What’s in it for you?
Initially, a few valves will be upgraded during a pilot. However, the solution must have the potential for large scale-up. At Shell’s Moerdijk site, hundreds of valves need to be upgraded, depending on the cost of the solution. Moreover, after a successful pilot, further development for other types and sizes of valves, beyond the range we have chosen initially, will be discussed.
In addition to Moerdijk, Shell’s Pernis and Rijnland sites have the same problem. In fact, this solution should be relevant to all our existing sites. A suitable solution for Moerdijk will also work elsewhere. Shell Moerdijk is happy to help approach those sites when the solution has been tested and meets all requirements. Other systems will be designed for new sites.

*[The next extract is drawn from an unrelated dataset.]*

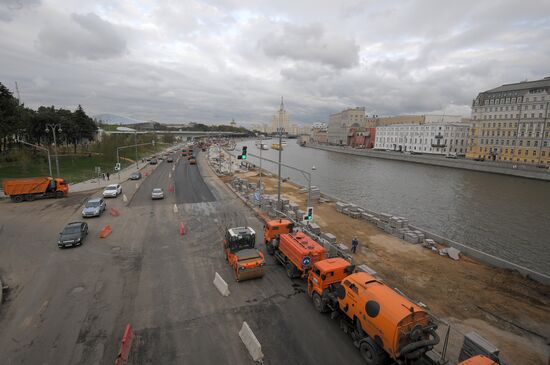 Streets undergo reconstruction in Moscow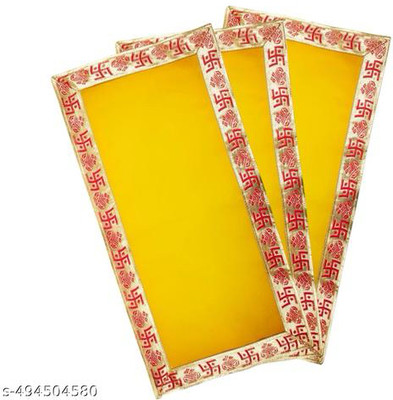 Pink Sky VELVET AASAN Altar Cloth(Pack of 3)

For the pilot, a budget of at least €10,000 will be made available by Shell. This is intended for the development and testing of the application. A voucher of max €10,000 will also be granted by SynchUp!
How can the challenge program benefit you?
- An innovation contract with a launching customer/partner!
- Funding (€10,000 vouchers, to be spent in the regional ecosystem for e.g. testing, lab and demo facilities, IP consulting, etc.)
- Coaching and counselling
- A stage and free publicity
- Knowledge and contact with experts
- Access to a network of potential partners & customers, resources and research facilities
The challenge program
SynchUp! is an initiative of REWIN West-Brabant. BOM, Ministry of Economic Affairs and Climate Policy, Provence Noord-Brabant are involved as partners for the challenge program. Together we aim to provide innovative entrepreneurs and startups the possibility to create and develop their idea/product and to put this on the market. This supports the common goal: to accelerate innovations and transitions and strengthening the ecosystem.
Conditions of participation
Essentially, we are looking for a solution that is being used in a similar industry and that is quickly (approximately within one year) implementable. It may be a start-up but, due to the desired upscaling, we are looking for a party that can do this rather quickly. The pilot should preferably be realised at the Moerdijk site. Because of Shell’s global potential and presence, an international contestant may also provide the solution.
Shell aims for a customer-supplier relationship.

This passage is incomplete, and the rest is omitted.